To confirm the presence of disease at slaughter, between 2018 and 2020 a Boehringer Ingelheim team in the Netherlands – and after COVID-19 also including Belgium – monitored a batch of pigs which had been confirmed with subclinical ileitis during the first 4 to 6 weeks of the grow-finish period. At slaughter, 60 ilea were sampled. Almost all these ilea were positive, and the team could establish a correlation between the gold standard microscopic evaluation (expensive and time consuming) and qPCR testing (fast and relatively affordable) of the same tissue samples.
Consequently, next steps were to evaluate the presence of disease on a larger scale by testing over 70 production sites in Europe. Out of these analysed farms, over 60% turned out to have affected ilea at slaughter. In a batch of positive pigs at slaughter, most cases had at least 50% positive ilea out of ten ilea sampled.
Even in cases where pigs were not consistently shedding L. intracellularis in the faeces, those ilea could be found positive at slaughter. That indicates that diagnosing subclinical ileitis at slaughter has a higher sensitivity than when compared to random faecal sampling in the barn. Current findings demonstrate that taking ten random ilea samples at slaughter confirms whether or not a batch of pigs suffers from subclinical ileitis.
Another lesson learned during the evaluation of ilea at slaughter, is that in mild cases, the naked eye cannot tell the difference between affected and healthy tissue. It should be confirmed using qPCR, to measure the impact of this ubiquitous disease on productivity.
With pooling these ileum samples for PCR analysis, it is possible to reliably confirm subclinical ileitis in a herd for a fraction of the costs involved using random testing of faeces or oral fluids. That, in turn, can increase the speed of decision-making on whether to implement an ileitis control programme with oral vaccination. As a result, what can be avoided are adverse effects like huge negative impacts of subclinical ileitis like a drop of ADG and increased FCR.

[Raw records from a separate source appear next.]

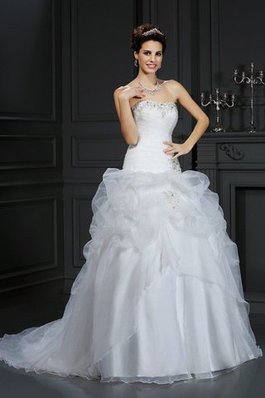 Abito da Sposa con Perline Naturale Senza Maniche Lungo Allacciato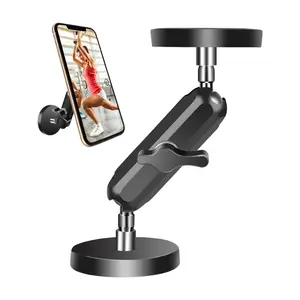 Gym Magnetic Phone Holder – Dual Metal Magnet Mount for All iPhone & Android Phones, 360° Adjustable, Attaches to Metal Surfaces for TikTok, YouTube, Workout & Hands-Free Recording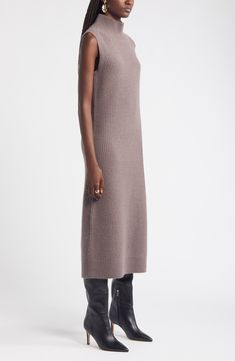 Embrace sweater weather with none of the bulk in this ribbed dress topped with a cozy mock neck and knit from a blend of soft wool and cashmere yarns. 45" length (size Medium) Slips on over head Mock neck Sleeveless Unlined 70% wool, 30% cashmere Dry clean Imported Winter Ribbed Dresses For Daywear, Ribbed Dresses For Daywear In Winter, Sleeveless Knitted Sweater Dress For Fall, Sleeveless Knit Sweater Dress For Winter, Sleeveless Sweater Dress Outfit, Knitted Dress Outfit, Rib Sweater, Sweater Dress Outfit, Sleeveless Knit Dress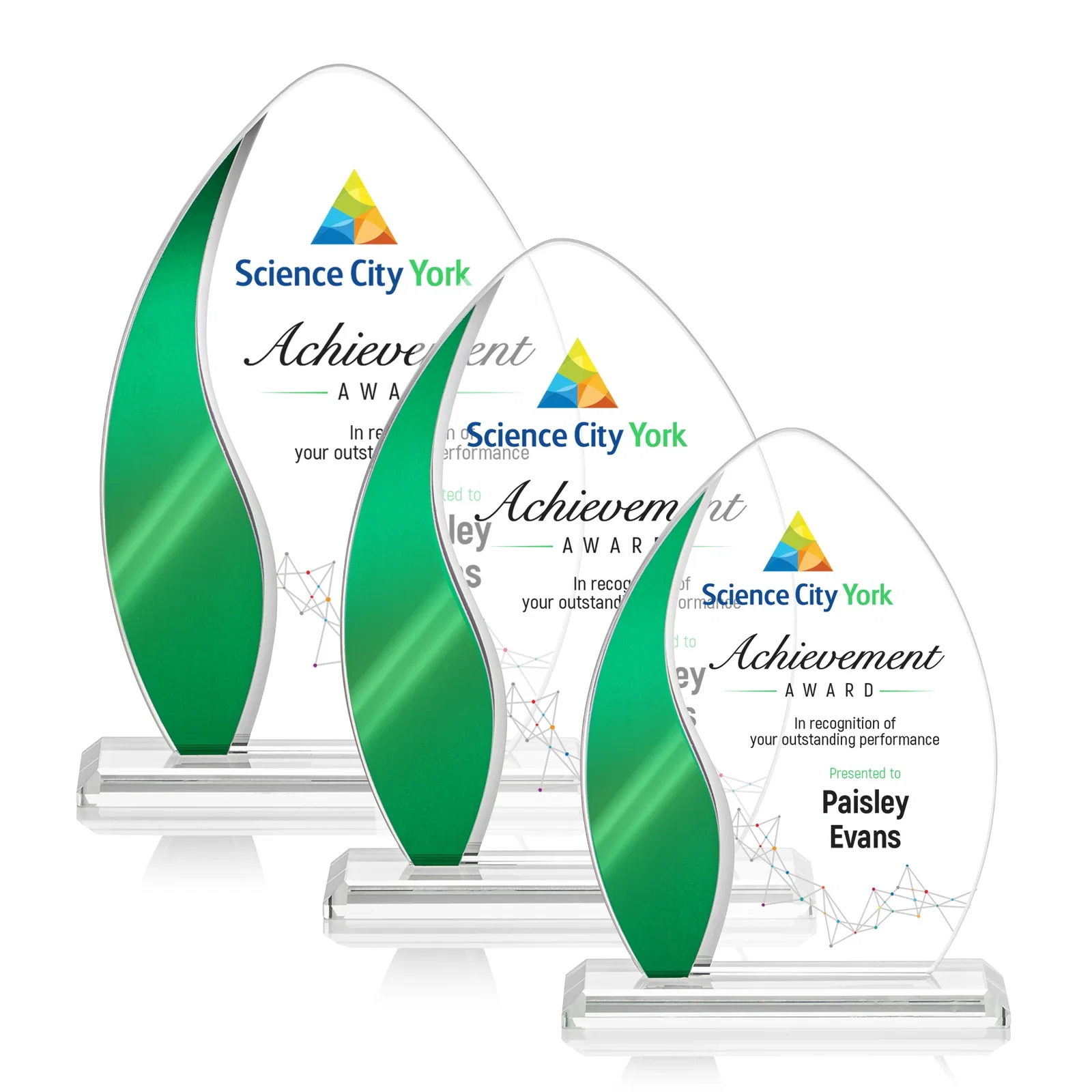 Personalized Starfire Crystal Arch Award with Side Accent and Mirror Back, awards for employee recognition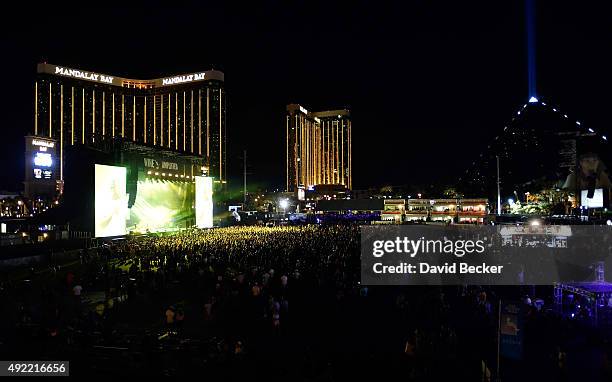 Rapper Curtis "50 Cent" Jackson and G-Unit perform for fans at the 10th annual Wine Amplified festival at the Las Vegas Village on October 10, 2015...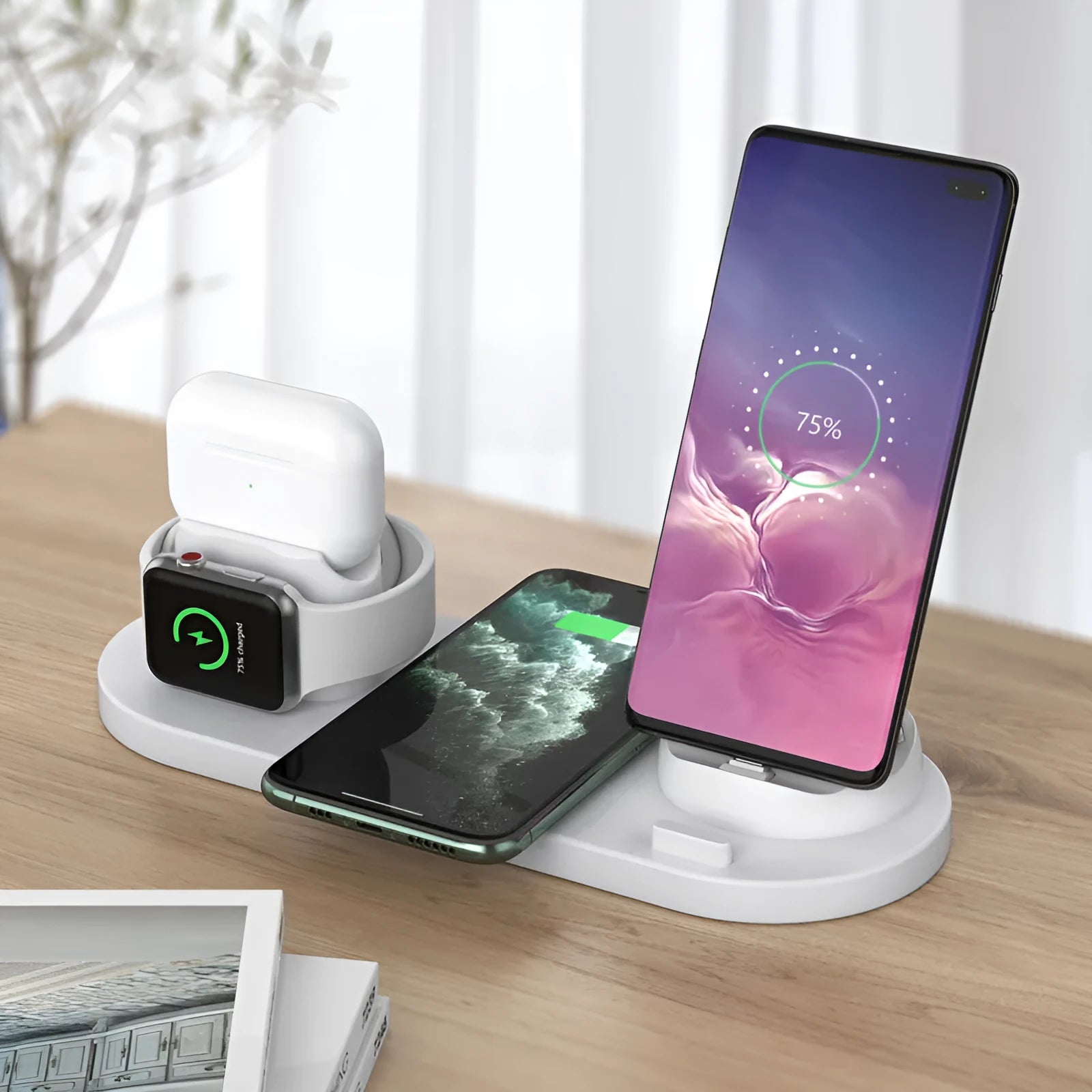 Black and white wireless charging station with phone stand, AirPods charging spot, and iWatch charger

Oral vaccination against ileitis has shown to reverse those negative effects. In a compilation of 38 studies, oral vaccination under field conditions improved ADG by 38 g, reduced FCR by 0.08 and reduced mortality by 0.8%. The FCR improvement results in over 7.5 kg less feed consumed per pig, which is a saving of € 2.36 assuming feed prices are € 15/ton (like in winter/spring 2024). Due to an improved microbiome induced by the oral vaccination, other intestinal threats like Salmonella are reduced as well. Oral vaccination is safe without side effects, not losing a single day of productivity to get the maximum results out of a finishing pig herd.